In recent decades there has been a major shift in architectural patterns in Iran, especially in overpopulated urban areas. The old architectural patterns originated from cultural and religious beliefs of the residents. A key characteristic of Iranian vernacular residential architecture was providing privacy for the residents; however these criteria have been overlooked by contemporary architecture.
The design team faced several challenges: the structure was built by another team before we were commissioned the job and the strict building codes in Tehran were an issue.

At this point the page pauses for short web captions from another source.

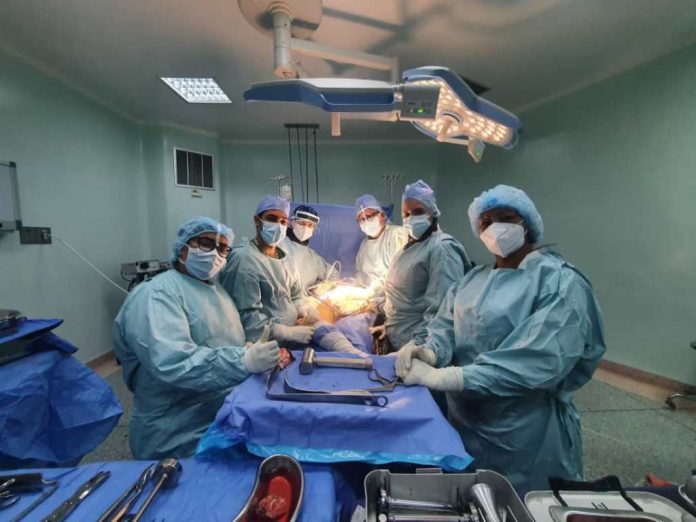 primera cirugía de cadera bilateral en Valencia-acn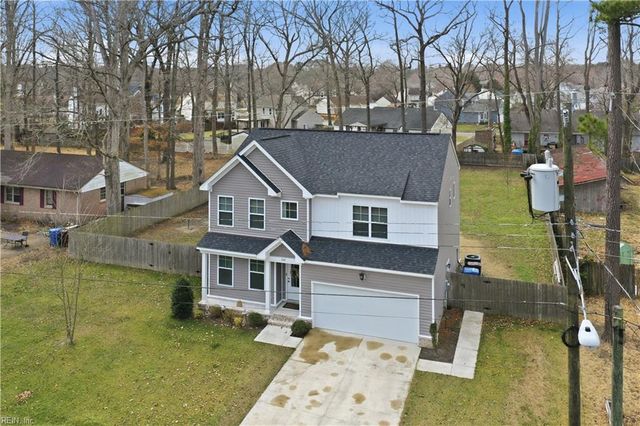 240 Hurdle DR, Chesapeake, VA 23322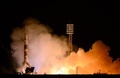 カザフスタンのバイコヌール（Baikonur）宇宙基地から打ち上げられる宇宙船ソユーズ「TMA-10M」（2013年9月26日撮影）。(c)AFP/VASILY MAXIMOV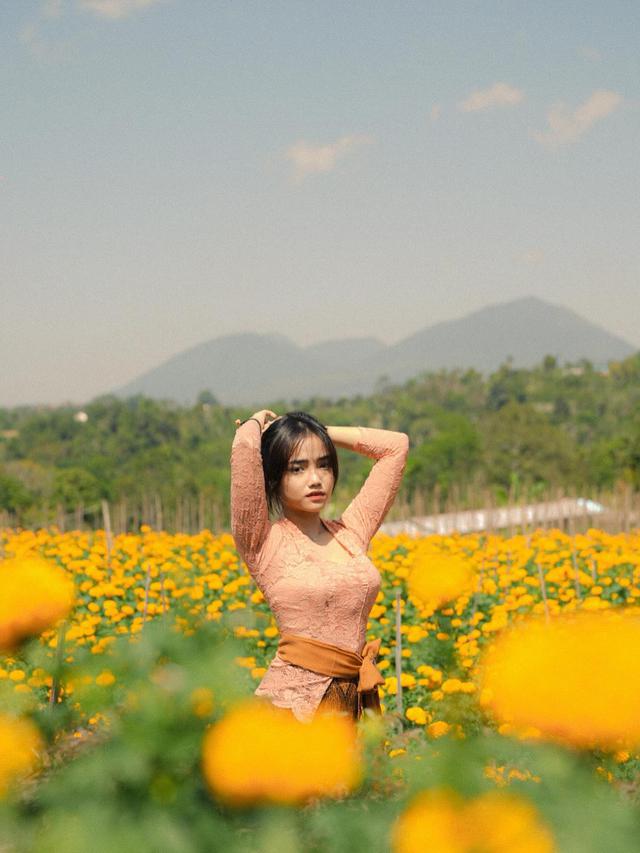 Tampil Menawan, Ini 7 Pemotretan Fuji Pakai Kebaya di Kebun Bunga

To provide maximum privacy while incorporating other features such as moderating light, limiting views from outside, organizing the chaotic experience of the terraces, and decreasing noise from the high-traffic neighborhood, the solution seemed to lie in covering the architectural mass in a grid of openings. Brick appeared to be a proper choice, since it has always been used as a local building material in Iran and could meet environmental needs while creating numerous aesthetically beautiful textures.
The concept for the façade is inspired from the surrounding neighborhood fabric. The brick texture is a reflection of the context’s chaotic skyline, and the openings are located considering the pleasant and unpleasant neighborhood views.
Rotating the bricks provided the opportunity to have various degrees of openings, and the rotation angles are precisely adjusted through a dialogue between inside and outside taking into account sun direction, daylight and the level of distraction from adjacent apartments. Despite the complex form of the façade, the construction process was easily executable by workers through simple instructions prepared by using a coding system.
The design was an attempt at proposing a prototype to address the current issues of residential architecture in the region by building a bridge between old and new, proving how traditional local materials and patterns can be used in new ways.